ミケランジェロ・メリージ・ダ・カラヴァッジョ
Michelangelo Merisi da Caravaggio
1571年9月29日-1610年7月18日

イタリア

バロックの始まりを告げる画家。
何度も逮捕・投獄され、いくつもの犯罪歴を持ちながらも、画家としては人気が高く、後のバロックの巨匠たちに大きな影響を与えました。明暗法を活かした劇的な作品を多く残しています。

《聖マタイの召し出し》

カラヴァッジョ 聖マタイの召し出し

1599-1600年 油彩・カンヴァス
322x340㎝ サン・ルイジ・デイ・フランチェ―ジ教会(ローマ)

バロックの始まりを告げるといわれる作品✨

主題は『マタイによる福音書』 9章9節で、イエスが収税所で働いていたレビ(マタイ)に声をかけて、それに答えてレビがイエスの弟子となる場面。聖書の内容を日常の庶民の姿で描いています。
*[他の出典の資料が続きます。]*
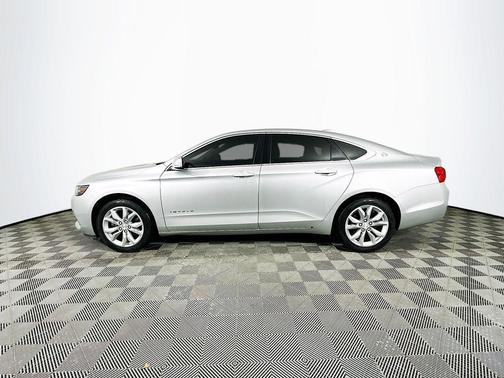 2017 Chevrolet Impala 1LT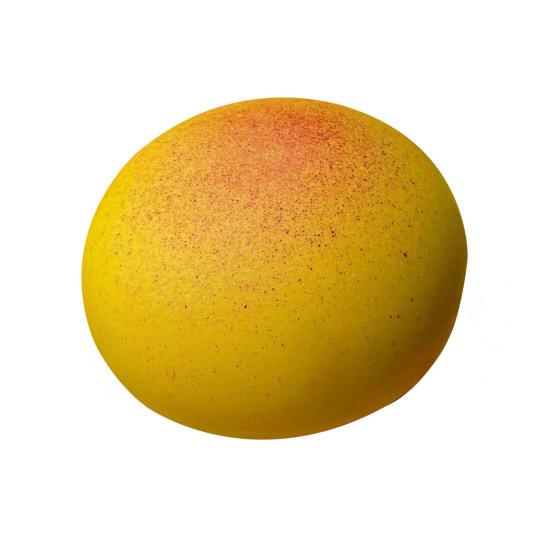 Melon Slow-Rising Squeeze Toy Soft PU Sensory Toy Cute Fruit-Shaped Decompression Gadget for Relaxation And Anxiety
キリストの右手と呼応するように差し込む光。の強烈な衝撃は、当時の人々を魅了しました。

カラヴァッジョ 聖マタイの召命

髭の男がマタイと言われていましたが、近年では、自分を指さしているのではなく、左端のうつむいてお金を数えている男を指さしており、彼がマタイではないかと言われています。

ボッロミーニ

フランチェスコ・ボッロミーニ

フランチェスコ・ボッロミーニ
Francesco Borromini
1599年9月25日-1667年8月3日

ベルニーニの弟子
ベルニーニとともにバロック建築の礎を築いた建築家

《サン・カルロ・アッレ・クァットロ・フォンターネ聖堂》

ボッロミーニ サン・カルロ・アッレ・クアトロ・フォンターネ聖堂
Paolo Monti, CC BY-SA 4.0 , via Wikimedia Commons
https://commons.wikimedia.org/wiki/File:Paolo_Monti_-_Servizio_fotografico_-_BEIC_6346853.jpg

1637-52/67年頃

ボッロミーニが設計したこの聖堂は、狭い敷地という難問に挑んだもの。楕円形プランを用いて、円の象徴性を失うことなく、ミサや典礼に適した機能性を兼ね備えた聖堂をつくりました。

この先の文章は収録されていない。